Mr. Shufeldt, U. S. Consul at Havana, telegraphed to Capt. Wilkes, of the U. S. sloop San Jacinto, at Trinidad, to bring his vessel to Havana, in view of the numerous Confederate vessels finding refuge there, and remaining there unmolested to ship cargoes and return; perhaps, also, in view of the presence there of the rebel commissioners Mason and Slidell, en route for Europe.--National Intelligencer, November 1.
An interesting correspondence between Gen. McClernand and the “Confederate” Gen. Polk, on the subject of a recent exchange of prisoners, was made public.--(Doc. 105.)
Capt. H. L. Shields, of Bennington, Vt., was arrested, charged with having carried on treasonable correspondence with the rebels. He obstinately denied the charges made against him, and promised to bring sufficient evidence of their falsity. He was conveyed to Fort Lafayette. Capt. Shields graduated at West Point in 1841, served ten years in the regular army, and was twice brevetted for gallantry in the Mexican War.--N. Y. Times, October 28.
President Lincoln suspended the writ of habeas corpus for the District of Columbia. The judges and lawyers had made themselves so troublesome by their officious interference with military affairs that this had become necessary.--N. Y. Evening Post, October 24.
The steamer Salvor, captured whilst attempting to run the blockade into Tampa Bay, Florida, arrived at New York.--Western Virginia almost unanimously voted in favor of a division of the State.--The funeral of Col. Edward D. Baker, who was killed at the battle of Ball's Bluff, took place at Washington, D. C. The remains were deposited in the congressional burying ground.--Reports were circulated throughout the country that Gen. Banks had been killed and his army slaughtered, that Gen. Sickles' brigade had suffered a similar fate, and that the Confederates had crossed the Potomac, both above and below Washington.--Baltimore American, October 25.

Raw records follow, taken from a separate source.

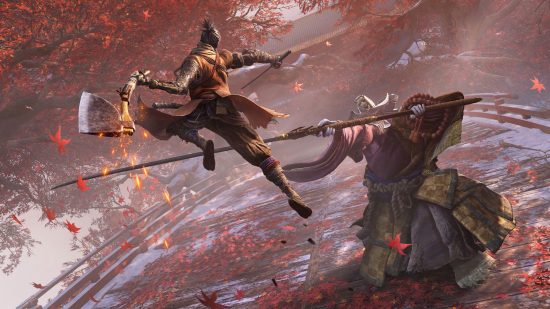Best soulslikes: Wolf jumping above while fighting a boss in Sekiro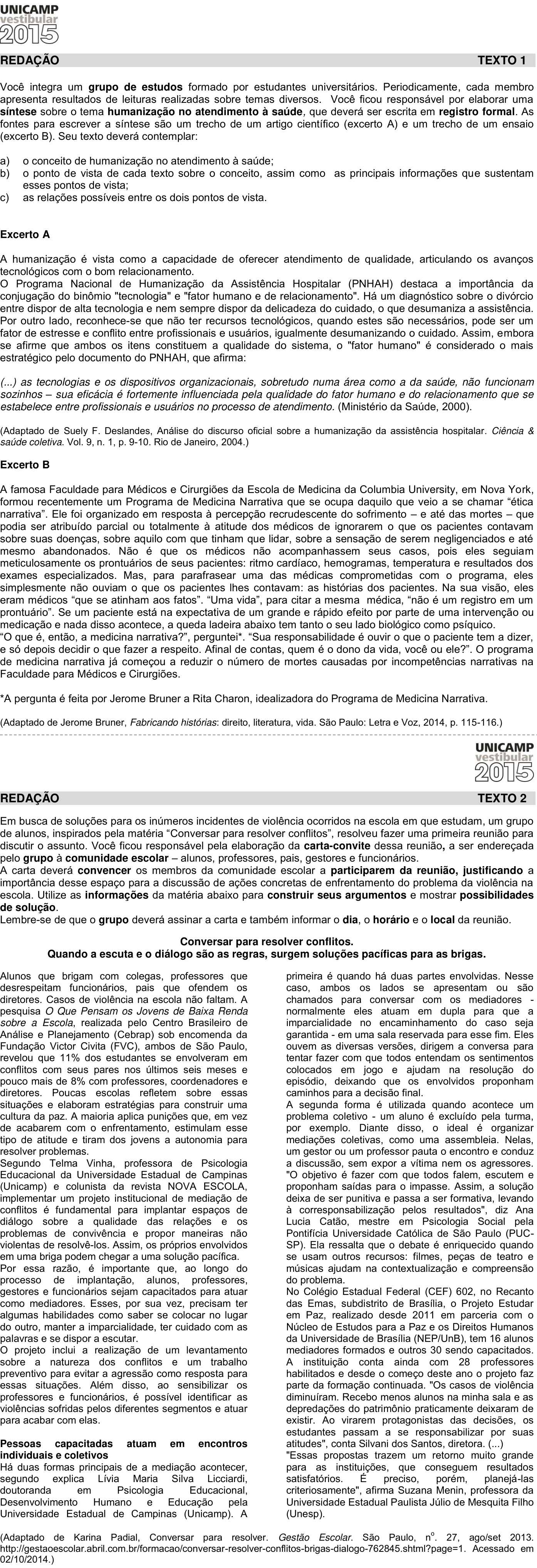 Redação da 2ª fase da UNICAMP 2015: proposta no caderno da prova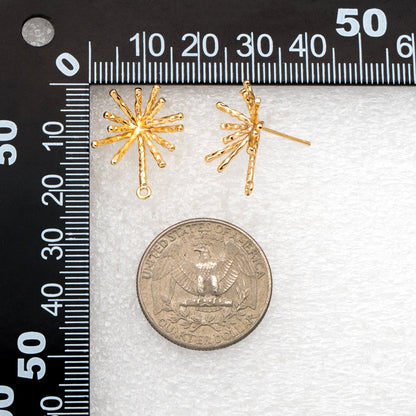 4pcs Gold/ Silver Fireworks Ear Posts with Loop, Gold/ Rhodium Plated Brass Stud Earrings, DIY Earring Findings (GB-3691)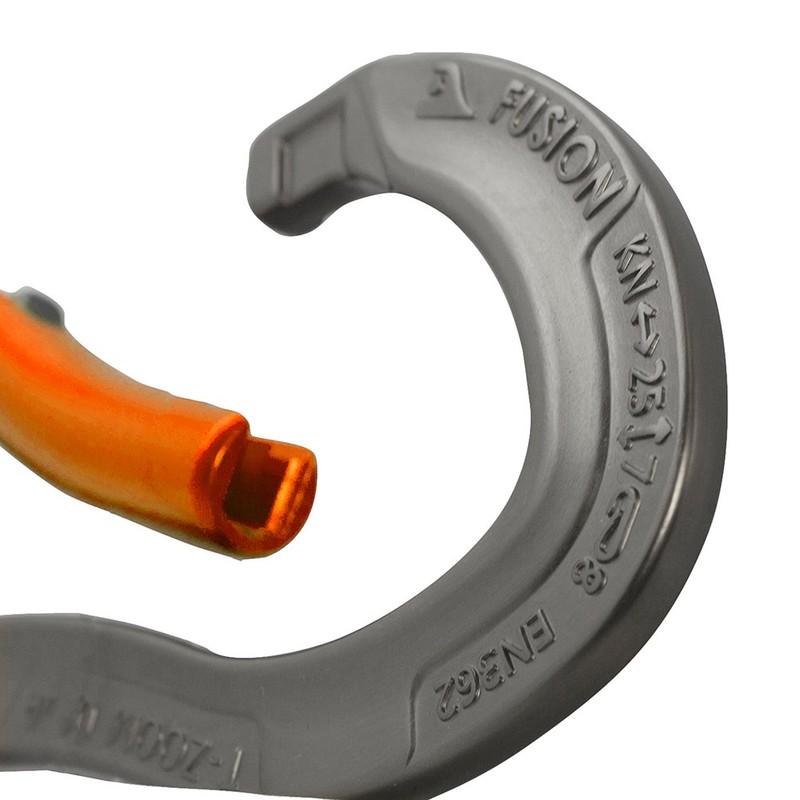 Fusion Climb Techno Zoom Bent Gate Ergonomic Carabiner Gray/Orange 5-Pack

This night a skirmish occurred between Gen. Ward's pickets and a scouting party of about one hundred rebels in Green County, to the southwest of Campbellsville, Kentucky. The captain of pickets unfortunately was taken prisoner, but the National forces suffered no other loss, though there were several of the rebels killed and wounded. A Tennesseean who was attached to the Federal forces killed two of them.--Louisville Journal, October 26.